Return exactly those lines of the material below that fall between the line holding "Neil has backed" and the line holding "Parole chiave: Lunar", inclusive.

INFORMATION PROVIDED:
Start of Block
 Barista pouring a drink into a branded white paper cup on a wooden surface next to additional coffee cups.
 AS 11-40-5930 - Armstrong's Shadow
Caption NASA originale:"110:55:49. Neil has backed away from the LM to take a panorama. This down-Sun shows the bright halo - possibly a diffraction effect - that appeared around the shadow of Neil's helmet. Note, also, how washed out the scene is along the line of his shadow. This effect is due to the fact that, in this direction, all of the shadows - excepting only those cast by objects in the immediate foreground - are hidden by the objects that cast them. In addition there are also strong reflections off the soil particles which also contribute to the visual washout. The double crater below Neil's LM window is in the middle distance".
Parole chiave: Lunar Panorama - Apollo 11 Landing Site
End of Block
Start of Block
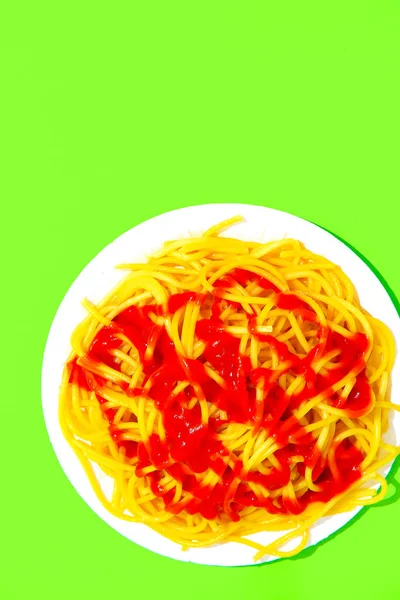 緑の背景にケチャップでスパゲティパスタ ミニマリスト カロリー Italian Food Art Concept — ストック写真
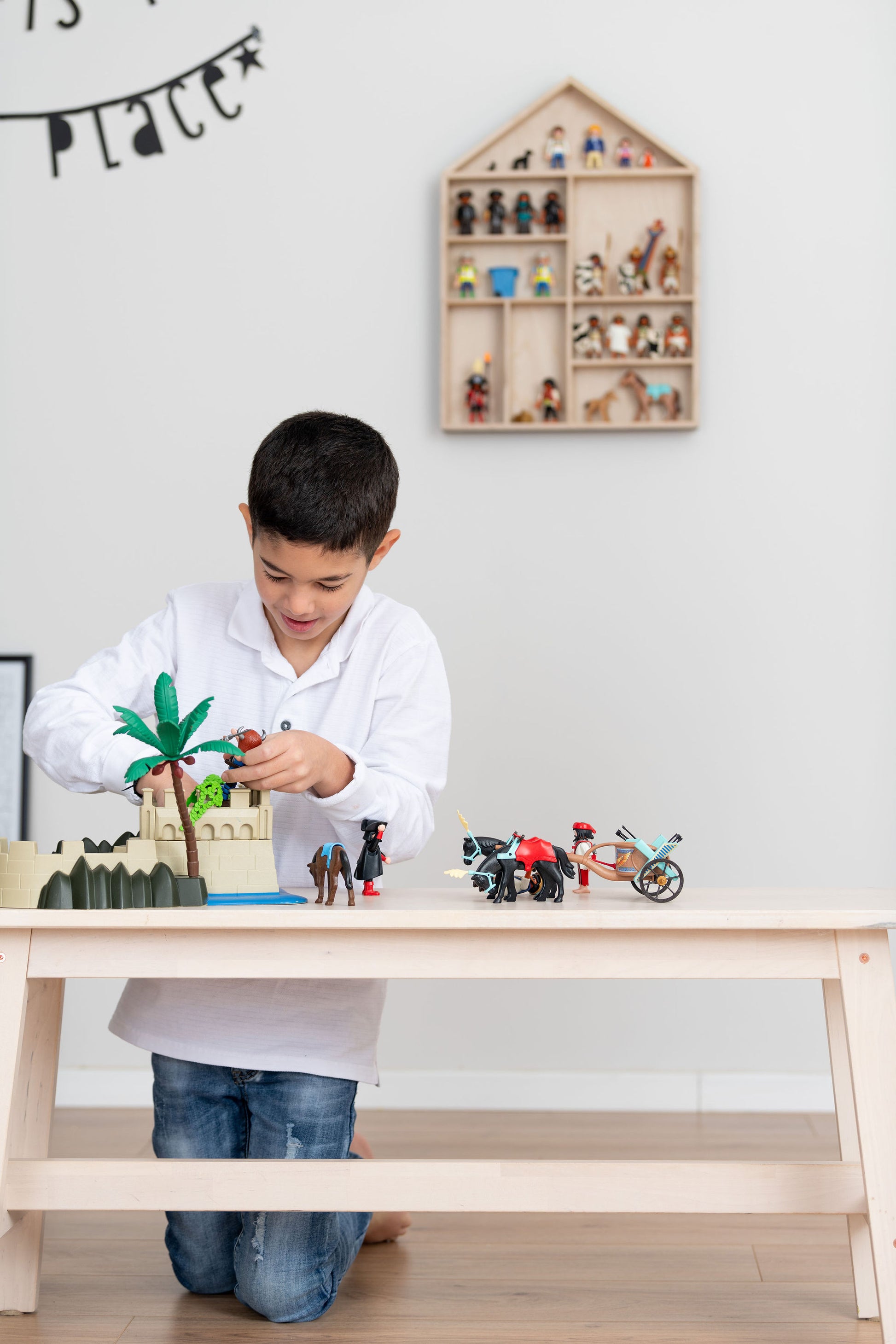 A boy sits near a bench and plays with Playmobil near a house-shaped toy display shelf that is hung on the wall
End of Block
RESULT FOR THIS EXERCISE:
Caption NASA originale:"110:55:49. Neil has backed away from the LM to take a panorama. This down-Sun shows the bright halo - possibly a diffraction effect - that appeared around the shadow of Neil's helmet. Note, also, how washed out the scene is along the line of his shadow. This effect is due to the fact that, in this direction, all of the shadows - excepting only those cast by objects in the immediate foreground - are hidden by the objects that cast them. In addition there are also strong reflections off the soil particles which also contribute to the visual washout. The double crater below Neil's LM window is in the middle distance".
Parole chiave: Lunar Panorama - Apollo 11 Landing Site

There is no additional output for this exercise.